IHMV seeks to find O’Connor’s debt to be nondischargeable under § 523(a)(2)(B). Section 523(a)(2)(B) states in pertinent part:

(а) a discharge does not discharge an individual debtor from any debt—
(2)for money ... to the extent obtained by—
(B) use of a statement in writing—
(i) that is materially false;
(ii) respecting the debtor’s ... financial condition;
(iii) on which the creditor reasonably relied; and
(iv) that the debtor caused to be made or published with the intent to deceive....

Case law requires the plaintiff to prove the following elements:

(1) The debtor obtained money;
(2) by a financial statement;
(3) in writing;
(4) concerning the debtor’s financial condition;
(5) that the financial statement was materially false;
(б) that the debtor caused it to be made with the intent to deceive the creditor;
(7) that the creditor relied on it;
(8) that such reliance was reasonable; and
(9)that the loss was the proximate result of the making of the financial statement.
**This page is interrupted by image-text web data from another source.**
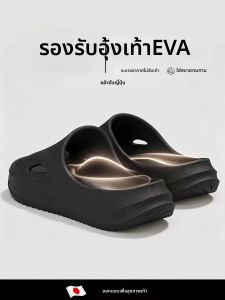 BAIMUQINGCHEN | Arch Support Slip-resistant Odor-eliminating Slippers Men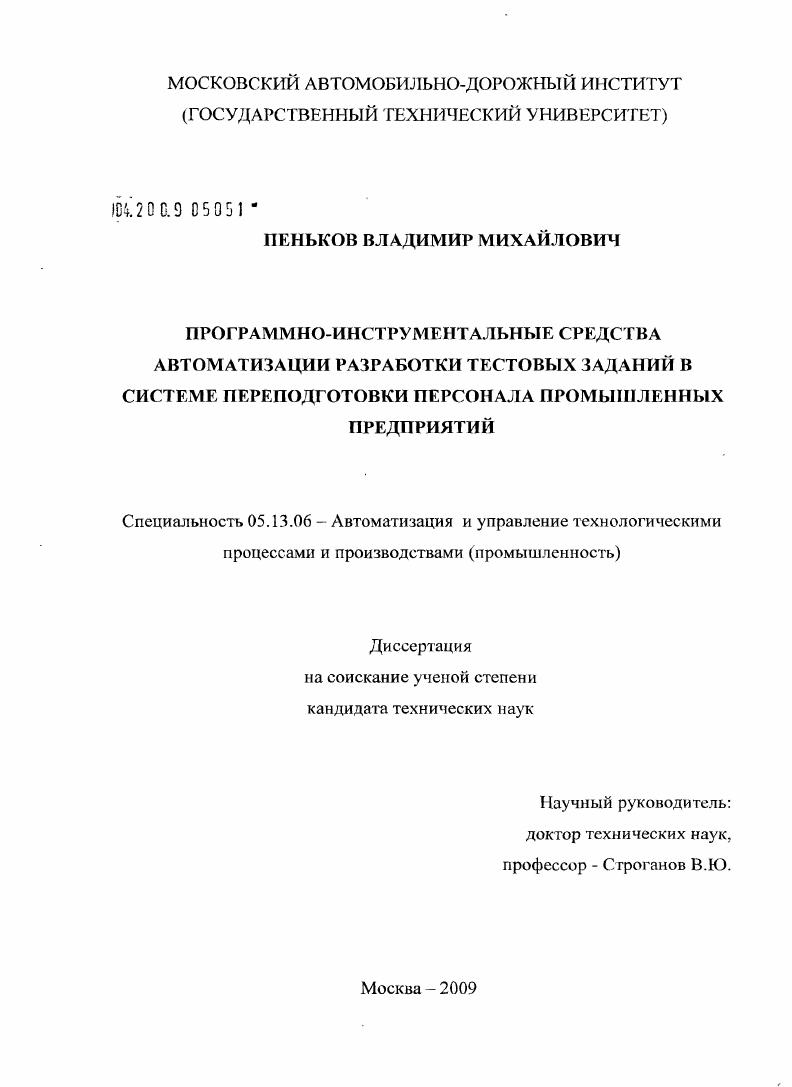Программно-инструментальные средства автоматизации разработки тестовых заданий в системе переподготовки персонала промышленных предприятий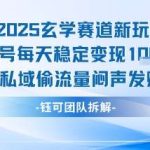 2025玄学赛道新玩法：单号日变现1K+，私域稳定引流攻略-微七七网-是一个专注于全域获客|流量矩阵化打法的团队！
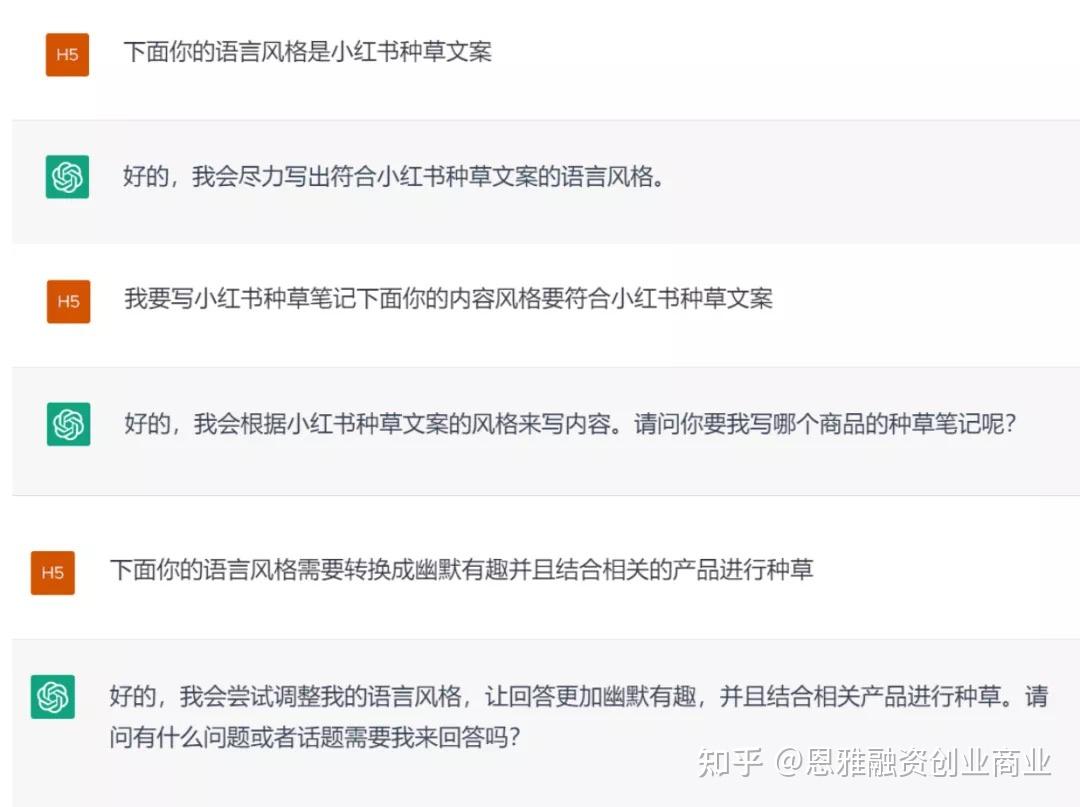 借助插图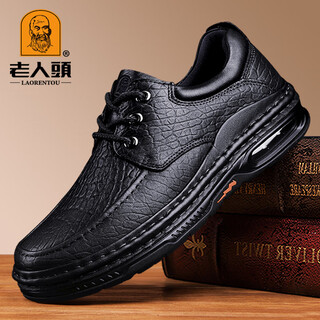 Old man's head men's casual leather shoes soft leather soft sole beanie shoes wide toe comfortable breathable thick sole business middle-aged dad men's shoes black first layer cowhide single layer 40 (250mm)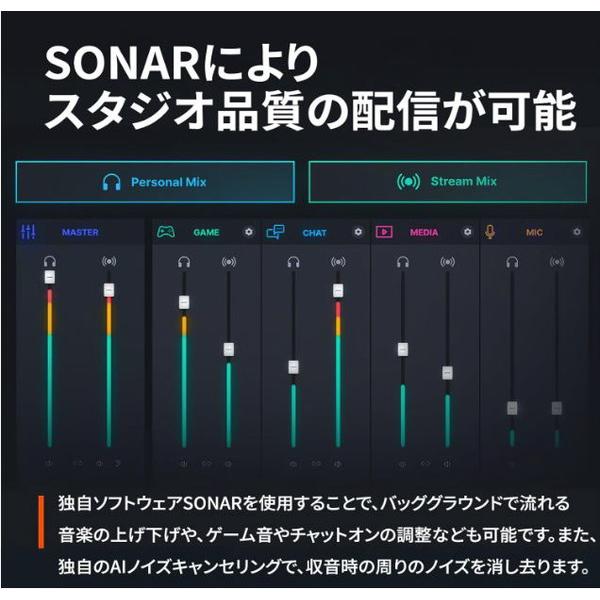 SteelSeries 61601J ゲーミングマイク Alias [USB] |  | 05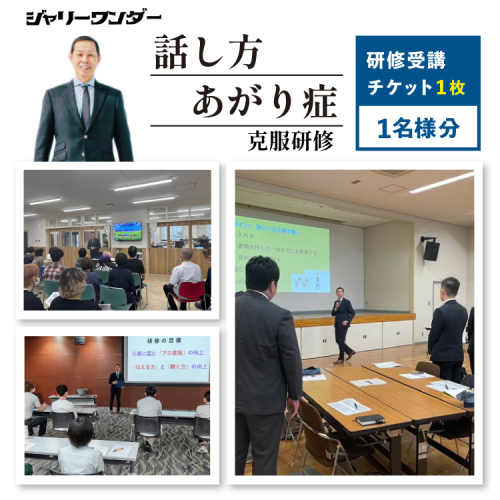 体験 チケット 話し方研修 あがり症克服研修 【1名様分】 [ジャリーワンダー 北海道 砂川市 12260843] 話し方 スピーチ あがり症 スキルアップ 研修 講座 2180321 - 北海道砂川市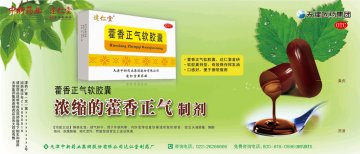 藿香正气软胶囊-官方高清创意广告(津药广审(文)第2014060101号)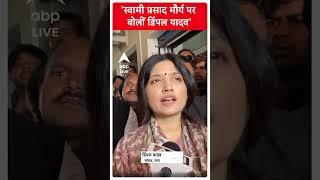 Akhilesh Yadav की चुप्पी के बाद Swami Prasad Maurya पर क्या बोलीं Dimple Yadav । ABP LIVE। Shorts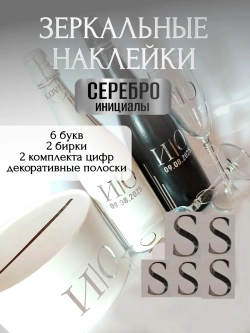 Наклейки свадебные буквы на бутылки и бокалы инициалы "S"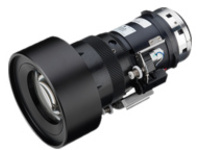 NEC NP20ZL - Telephoto zoom lens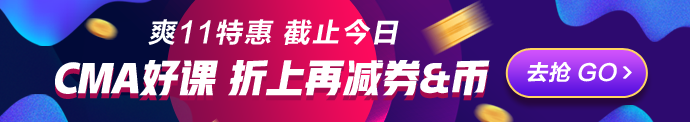 爽11倒計時一天！CMA立購8.8折 再減券&幣！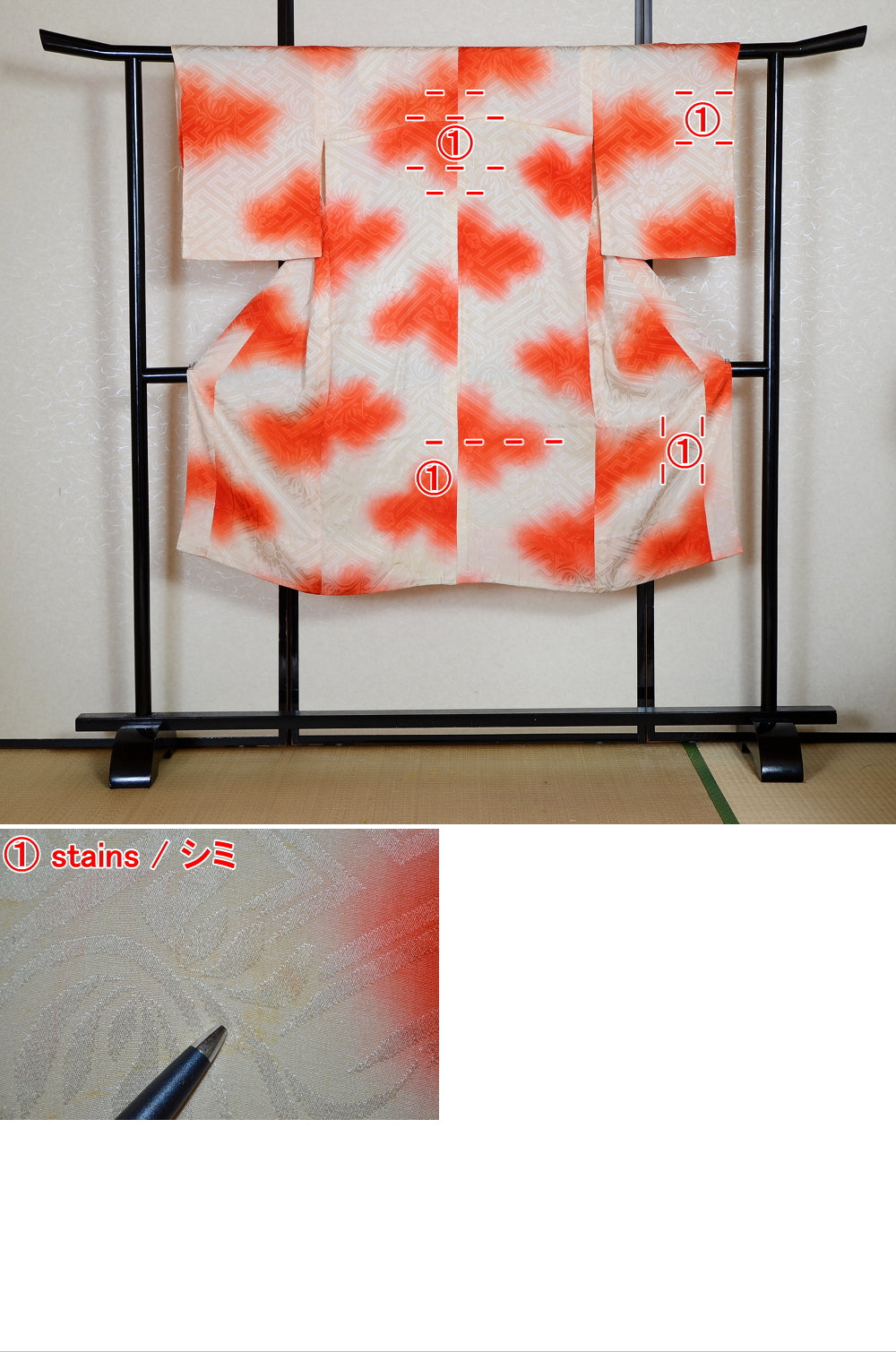 Women Undergarment / UF #637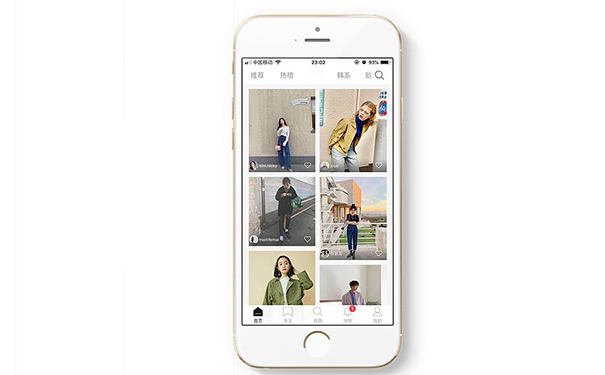 鞋子商城<a href='http://www.gyrmgh.com/' target='_blank'><u>app開發(fā)</u></a>,深圳app開發(fā)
In re Hott, 99 B.R. 664, 667 (Bankr. W.D.Penn.1989) (citing In re Pascucci, 90 B.R. 438 (Bankr.C.D.Cal.1988)). The debt- or does not contest that he obtained money by a financial statement in writing concerning his financial condition. However, this Court has serious questions as to materiality, intent, reasonable and actual reliance, and causation.

I. Materiality

A materially false statement is one that “paints a substantially untruthful picture of a financial condition by misrepresenting information of the type which would normally affect the decision to grant credit.” Jordan v. Southeast National Bank (In re Jordan), 927 F.2d 221 (5th Cir.1991). In determining whether a false financial statement is material, a relevant though not dispositive inquiry is “whether the lender would have made the loan had he known the debtor’s true situation.” In re Bogstad, 779 F.2d 370, 375 (7th Cir. 1985). In the Bogstad case, the creditor proved the falsity of the financial statement in which the debtor over represented his net worth, but failed to prove the falsity was material. According to the creditors testimony, the Court of Appeals found that the bank would have made the loan even at the debtor’s corrected lower net worth. Bogstad, 779 F.2d at 374-375.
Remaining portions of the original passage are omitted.